● EXERCISE DATA

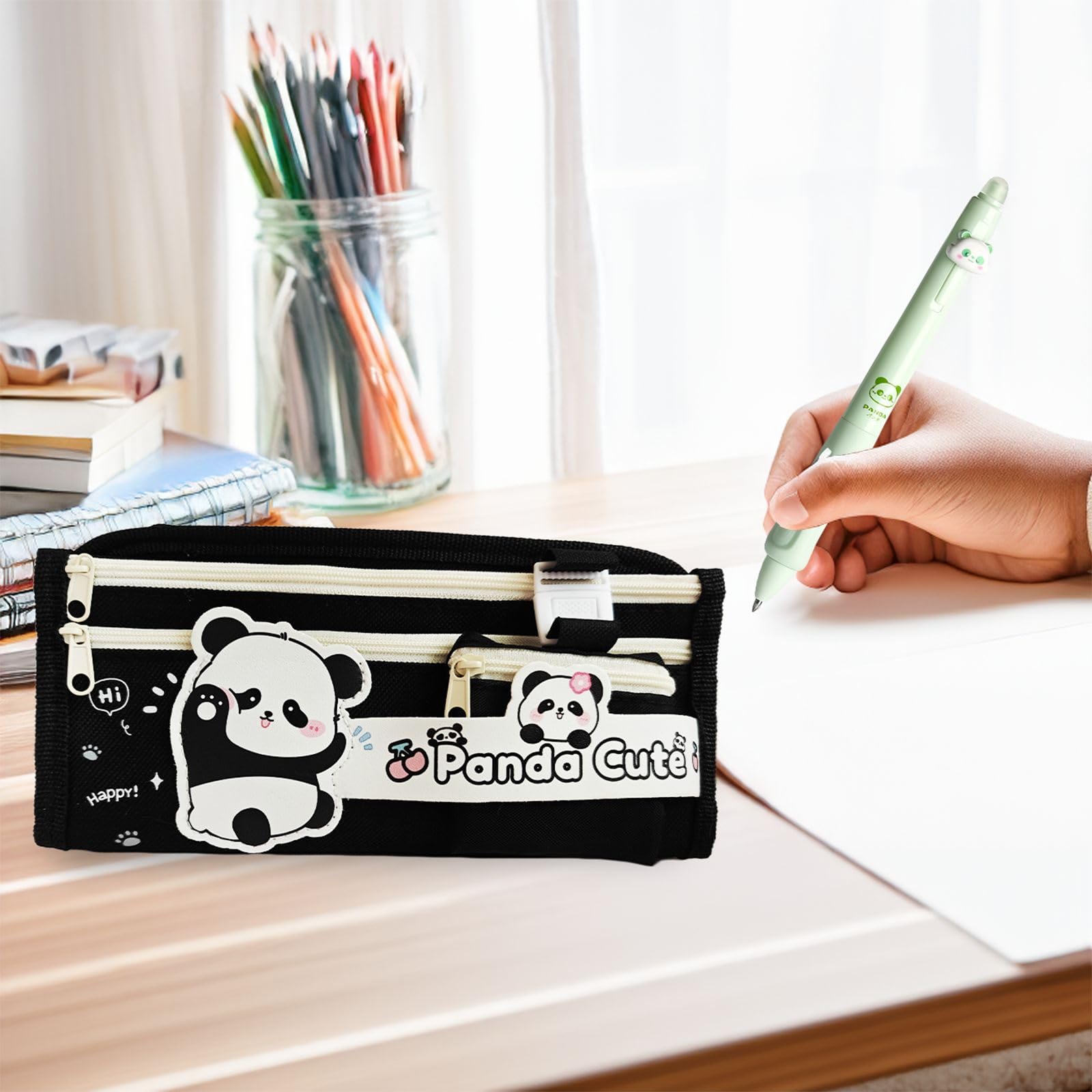 Trousse Scolaire Zootopie Panda Kawaii Grande Capacité - Étui à Crayons Noir – Image 6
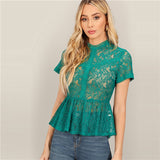 SHEIN Green Mock Neck Stand Collar Sheer Floral Lace Peplum Top Blouse Women Summer Casual Streetwear Short Sleeve Blouses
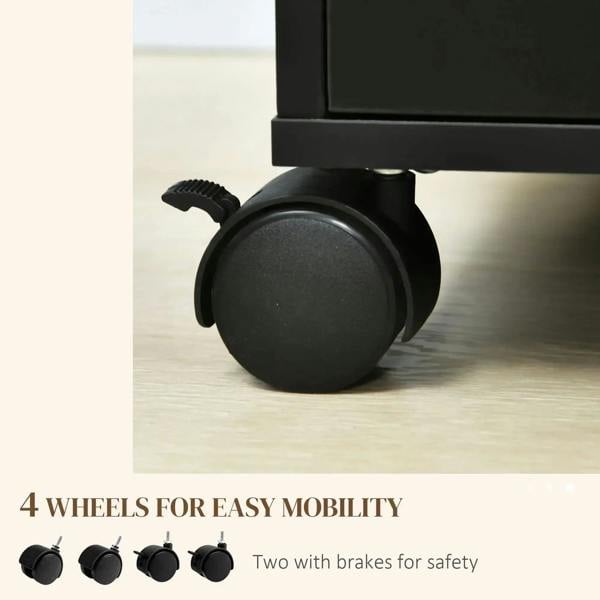 Black filing cabinet caster wheel with brake-style lever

● ACTIVITY
Omit every picture, then reproduce the rest of the listing exactly.

● EXERCISE RESPONSE
 Trousse Scolaire Zootopie Panda Kawaii Grande Capacité - Étui à Crayons Noir – Image 6
 SHEIN Green Mock Neck Stand Collar Sheer Floral Lace Peplum Top Blouse Women Summer Casual Streetwear Short Sleeve Blouses
 Black filing cabinet caster wheel with brake-style lever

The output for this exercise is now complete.